Five priority areas for future U.S. homeland security focus

On the heels of the tenth anniversary of the creation of the U.S. Department of Homeland Security (DHS), Booz Allen Hamilton outlined five priority areas for the next decade of homeland security.

“Homeland security is an ever-evolving challenge,” said Adm. (Ret.) Thad Allen, Booz Allen Senior Vice President. “Today’s threats look much different than they did when DHS was created. To build and sustain a more resilient nation, we must move away from defining our problems in terms of an organization designed under stress. We should begin with a new assessment of where we’ve been and where we’re going.”

The five areas are:

1. Resiliency. When it comes to natural disasters, investing in prevention and mitigation will provide a long-term payback that can limit the cost of hastily-arranged responses. But this requires rethinking the roles and responsibilities of government and the private sector.

Using a “whole of community” model demands collaboration and coordination across the public and private sectors and non-profit community, as well as the recognition that some risks are regional in nature and therefore necessitate state and local government leadership.

2. Law enforcement and counterterrorism. Counterterrorism and transnational crime demand a network-on-network approach. International terrorism and transnational crime are highly networked threats, that include complex financial, travel, and personal links. So too, DHS and its partners must mount a networked response to sharing information and coordinating operations.

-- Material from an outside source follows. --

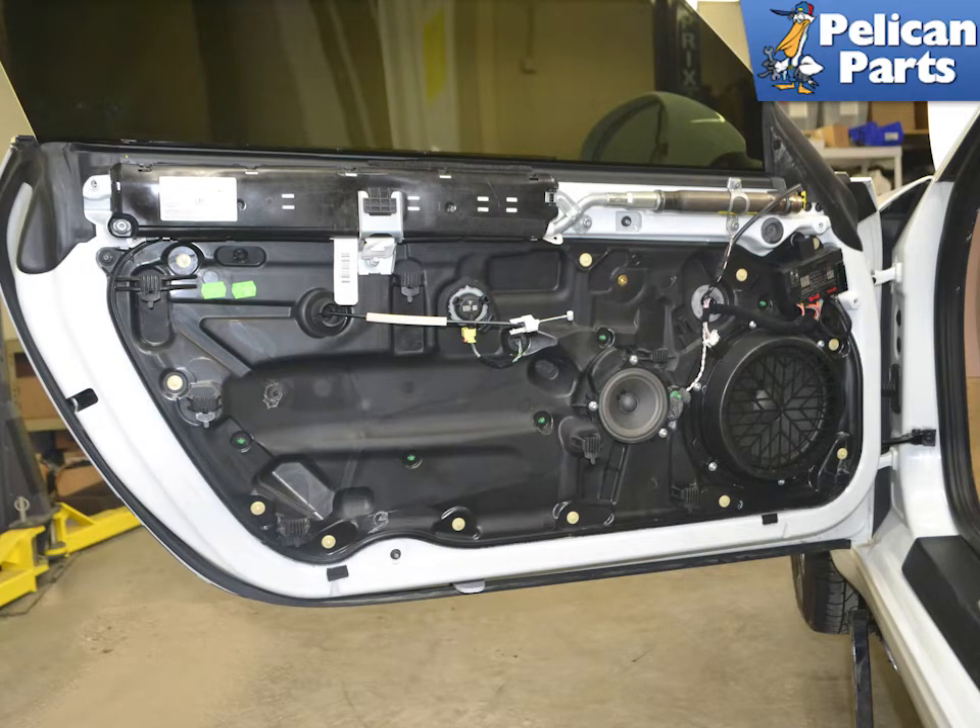There is a micro switch on the door handle that senses the movement of the handle and lowers the window to assist in opening the door. This is a common failure item, but can be replaced at home. To replace the micro switch you will first need to remove the door panel and the door carrier. Please follow the link provided at the end of this video for additional assistance with those tasks.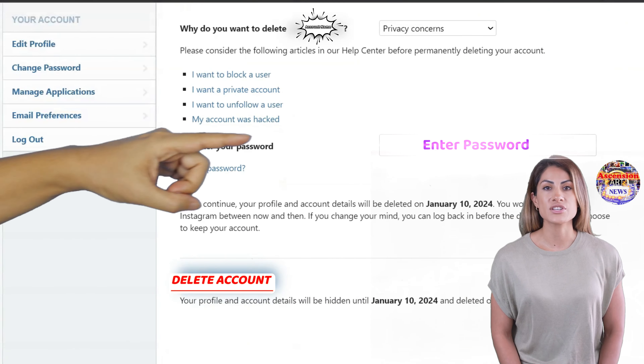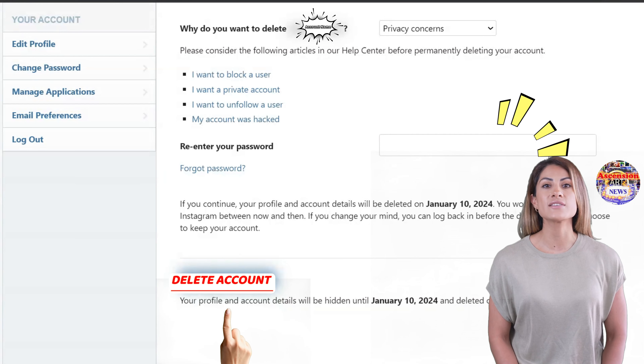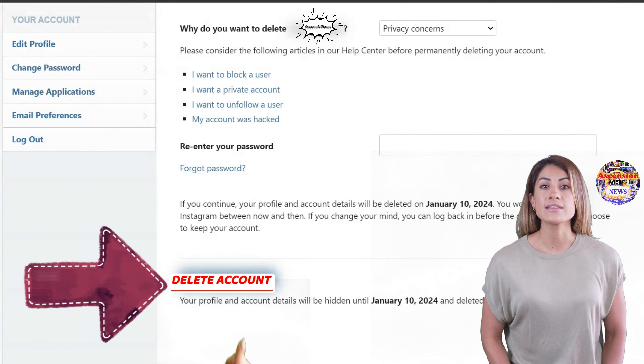It'll ask you to re-enter your password. Once you've entered the password, you simply press the delete button. The delete button will have the account name on it as well, making sure you are deleting the correct account.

3. Enterprise insights. It is time to use enterprise solutions such as cloud analytics to drive integration of enforcement, security, and response functions. Technology to address big data issues is a hurdle, but so too is organizational leadership.

4. Borders. Protecting physical borders is no longer enough. Today’s borders are not defined solely by geography. The majority of trade flowing into and from the U.S. is virtually “inspected” through analytic tools, not by physical inspections at ports of entry.

In fact, the “functional border” is comprised of air, land, sea, and cyber domains through which legitimate and illegitimate flows of people and goods pass. As a result, we must create more holistic, integrated approach to facilitating, security, and enforcing the movement of goods and people across all domains.

5. Cybersecurity. Cyber attacks pose grave threats to critical U.S. infrastructure and defending our cyberspace requires the effective collaboration of government and industry. Embracing this shared responsibility will help us understand cyber citizenship and its implications for the functioning of markets, civil institutions and informal networks.

We cannot divorce security from network consolidations, the acquisition and management of data, and the public and private use of the internet across all domains.